--- START ---
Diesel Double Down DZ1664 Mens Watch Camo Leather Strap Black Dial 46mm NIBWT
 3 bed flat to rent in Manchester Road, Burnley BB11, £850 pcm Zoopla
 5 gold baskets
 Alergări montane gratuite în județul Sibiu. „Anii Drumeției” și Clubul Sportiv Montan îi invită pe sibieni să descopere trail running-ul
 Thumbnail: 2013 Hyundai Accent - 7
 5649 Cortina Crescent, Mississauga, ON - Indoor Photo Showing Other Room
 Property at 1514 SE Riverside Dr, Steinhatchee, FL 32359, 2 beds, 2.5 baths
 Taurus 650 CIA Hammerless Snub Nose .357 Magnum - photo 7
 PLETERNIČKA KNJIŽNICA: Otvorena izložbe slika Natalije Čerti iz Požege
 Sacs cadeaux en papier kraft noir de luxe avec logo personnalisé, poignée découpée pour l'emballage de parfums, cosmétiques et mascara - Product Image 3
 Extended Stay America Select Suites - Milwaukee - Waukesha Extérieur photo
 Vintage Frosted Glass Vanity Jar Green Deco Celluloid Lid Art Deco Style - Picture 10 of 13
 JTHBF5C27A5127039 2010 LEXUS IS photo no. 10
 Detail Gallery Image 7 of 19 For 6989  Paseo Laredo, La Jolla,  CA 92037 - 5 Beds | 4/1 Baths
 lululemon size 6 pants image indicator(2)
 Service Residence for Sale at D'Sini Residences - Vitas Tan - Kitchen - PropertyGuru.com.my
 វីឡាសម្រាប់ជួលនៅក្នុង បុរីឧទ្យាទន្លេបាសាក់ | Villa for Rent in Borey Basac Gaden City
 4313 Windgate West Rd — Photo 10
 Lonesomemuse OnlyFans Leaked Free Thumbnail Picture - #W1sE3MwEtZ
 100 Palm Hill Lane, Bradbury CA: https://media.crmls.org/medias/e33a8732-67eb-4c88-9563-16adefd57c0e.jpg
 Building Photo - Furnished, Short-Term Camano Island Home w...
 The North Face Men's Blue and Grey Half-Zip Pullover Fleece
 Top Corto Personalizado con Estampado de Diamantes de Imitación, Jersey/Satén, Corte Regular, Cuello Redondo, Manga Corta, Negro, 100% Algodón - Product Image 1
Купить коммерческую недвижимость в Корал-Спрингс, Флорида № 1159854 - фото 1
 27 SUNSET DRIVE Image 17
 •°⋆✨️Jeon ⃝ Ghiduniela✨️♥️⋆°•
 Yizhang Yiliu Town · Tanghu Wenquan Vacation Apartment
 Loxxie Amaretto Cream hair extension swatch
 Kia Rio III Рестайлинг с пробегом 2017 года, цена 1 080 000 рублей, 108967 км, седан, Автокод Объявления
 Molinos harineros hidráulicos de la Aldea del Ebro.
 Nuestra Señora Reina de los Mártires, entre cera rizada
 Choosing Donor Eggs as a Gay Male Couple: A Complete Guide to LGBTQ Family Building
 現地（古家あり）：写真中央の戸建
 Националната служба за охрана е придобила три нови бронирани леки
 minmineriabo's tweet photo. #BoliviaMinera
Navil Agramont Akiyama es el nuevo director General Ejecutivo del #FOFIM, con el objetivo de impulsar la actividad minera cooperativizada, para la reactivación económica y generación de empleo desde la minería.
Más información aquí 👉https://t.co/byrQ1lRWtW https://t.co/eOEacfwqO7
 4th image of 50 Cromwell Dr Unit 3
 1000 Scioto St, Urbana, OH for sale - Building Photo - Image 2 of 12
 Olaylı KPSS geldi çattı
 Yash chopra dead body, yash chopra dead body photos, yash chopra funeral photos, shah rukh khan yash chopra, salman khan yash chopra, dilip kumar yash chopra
--- END ---
- TASK BRIEF:
Tally the lines of the records holding the word "Picture", then give only the resulting number.

- EXERCISE RESPONSE:
2